The Alienist - Caleb Carr [60]
The essential purpose of Paresis Hall was to arrange affairs between customers and the various types of prostitutes who worked there. This second group included everything from youths like Giorgio Santorelli to homosexuals who did not favor women’s clothes to the occasional bona fide female, who hung about in the hope that some one of the souls who wandered in would rediscover his heterosexuality to her profit. Most of the assignations worked out in the Hall took place at cheap hotels in the neighborhood, though the second floor had a dozen or so rooms out of which young boys who particularly pleased Ellison were allowed to conduct their business.
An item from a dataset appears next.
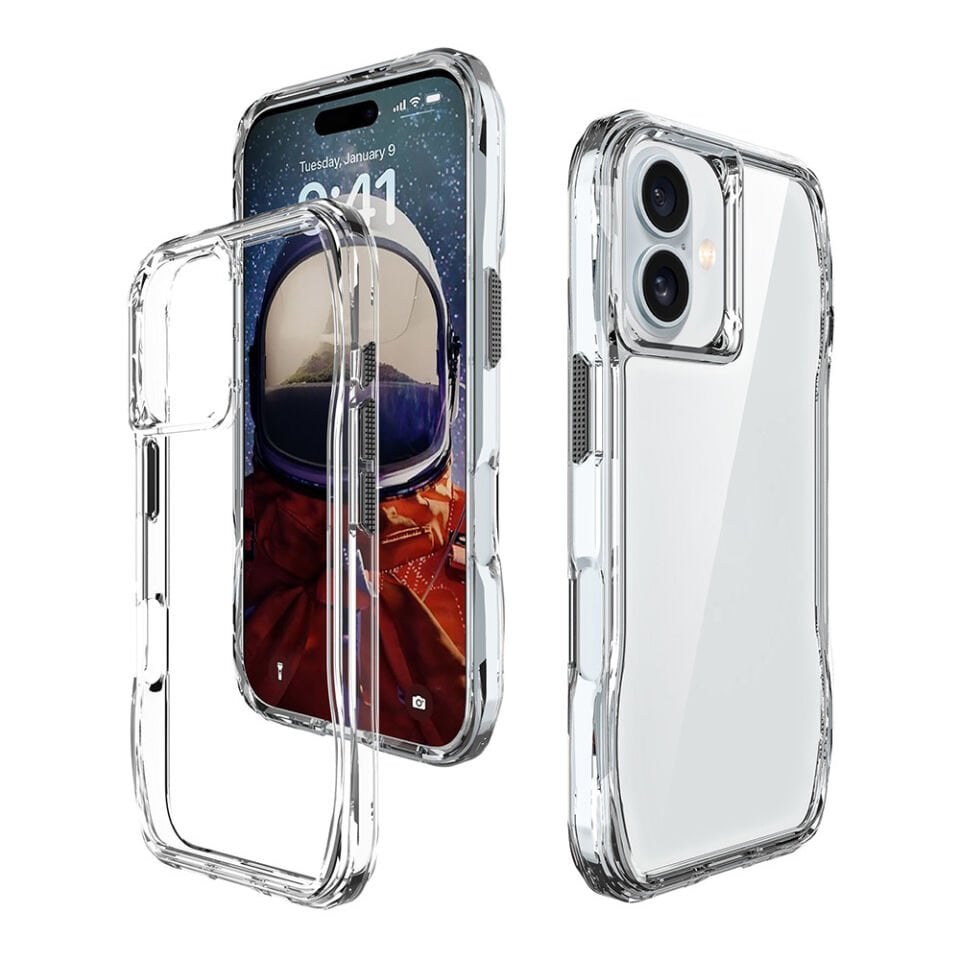 Apple iPhone 16 Plus Kılıf Airbagli Şeffaf HEPTEKİLETİŞİM İncek Kapak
But what was more distinctive about the Hall, along with only a few other such places in town, was a near total lack of the secretiveness that usually marked homosexual dealings in the city. Released from the need to be in any way careful, Ellison’s patrons cavorted raucously and spent freely, and the Hall did enormous business. In the end, however, neither the scale nor the unusualness of its operations could keep it from being at heart like any other dive: sordid, smoky, and thoroughly disheartening.
I hadn’t been inside the door thirty seconds before there was a small but strong arm around my torso and a cold piece of metal at my throat. The sudden aroma of lilac alerted me to Ellison’s presence in the general area behind me; and I assumed that the metal I felt was the signature weapon of one of Biff’s cronies, Razor Riley. Riley was a skinny, dangerous little miscreant from Hell’s Kitchen who, though a Gopher, occasionally ran with and worked for Ellison, whose sexual preferences he shared.
“I thought Kelly and me made ourselves pretty clear the other day, Moore,” Ellison boomed. I still couldn’t see him. “You ain’t tying me to the Santorelli business. You gutsy or just crazy coming in here like this?”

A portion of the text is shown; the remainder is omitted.